Glotzer and the Jews as Special

“This article can be summarised briefly: The Jews of Europe have undergone almost inhuman suffering; this is due to the nature of capitalism. But the Jews are not alone in this suffering. Other peoples, other national minorities are faced with the same or similar prospects of extermination or near-extermination. This is a symbol of the decay of capitalism. There is no hope for these people except in the victory of socialism. It is true, the Jews may be entirely exterminated between now and the future, but... oops, sorry... that can’t be helped, you know. That’s capitalism for you.

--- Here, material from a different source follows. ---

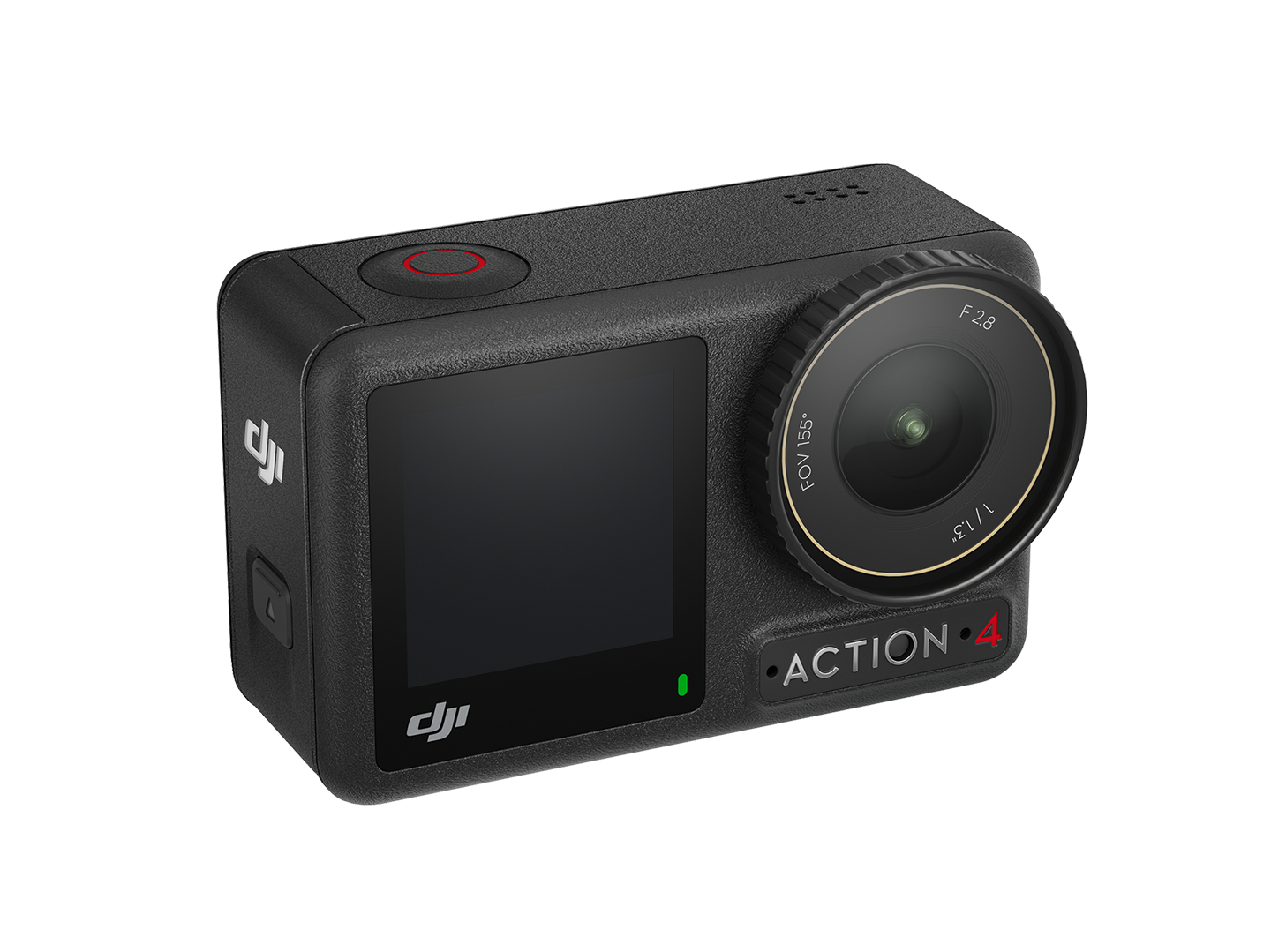 osmo action camera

The Jews, despite this grim prospect, must not allow themselves to be emotionally worked up by the fact that six, seven or eight millions of them have been wiped out in Europe!”


Glotzer is right to criticise Mandel for equating the extermination of six million Jews with the deaths of millions of others during WWII. The Holocaust is clearly an appaling event in Man’s history. But despite that in large part Mandel is right. The Jews are not the only peoples to have suffered terribly in Man’s history. Many peoples have been wiped out entirely, many nationalities even within Europe simply swallowed up into larger nation states. The North American Indians fared pretty badly at the hands of European settlers, as did the natives of South and Central America, the Aborigines in Australia, Maoris in New Zealand. In North America the Indians and descendants of the slaves taken there have continued to suffer pretty appalling oppression ever since. In Europe the Gypsies have suffered a similar oppression as the Jews, and as a proportion of their population almost as badly in terms of the Holocaust.


So what then should socialists now abandon our concept that the answer to the problems lies in the unity of the working class, and a united struggle for the replacement of national boundaries and with them nationalism and national antagonisms? Should we now be arguing instead for a homeland for the North American Indians, for Gypsies etc.?

Glotzer argues Mandel’s solution is not practical because the force that could bring about his solution – the working class and Labour Movement – was as he says Mandel rightly analyses going through a phase of passivity and defeat. Basing himself not on a Marxist perspective, but what is essentially a moral argument to the effect that “this is awful SOMETHING has to be done” Glotzer adopts the “practical politics” approach of Burnham and Shachtman criticised by Trotsky, an approach which by its very nature must be based on opportunism. It is the politics not of Marxism but of moral outrage. Having recognised that Mandel’s analysis of the situation is correct, Glotzer is forced by this “something must be done” attitude of taking the approach if the working class can’t provide the answer then someone else must, which also means that the approach means if we can’t implement a working class solution then we must adopt some other – necessarily bourgeois or reactionary solution. In this case the solution proposed by Zionism.

The lineage of this type of approach down to today is clear. It is what leads, for example, the British SWP to conclude that in the absence of a combative working class the solution to similar problems lies with supporting the reactionary political islamists who are combative, who are prepared to “do something”.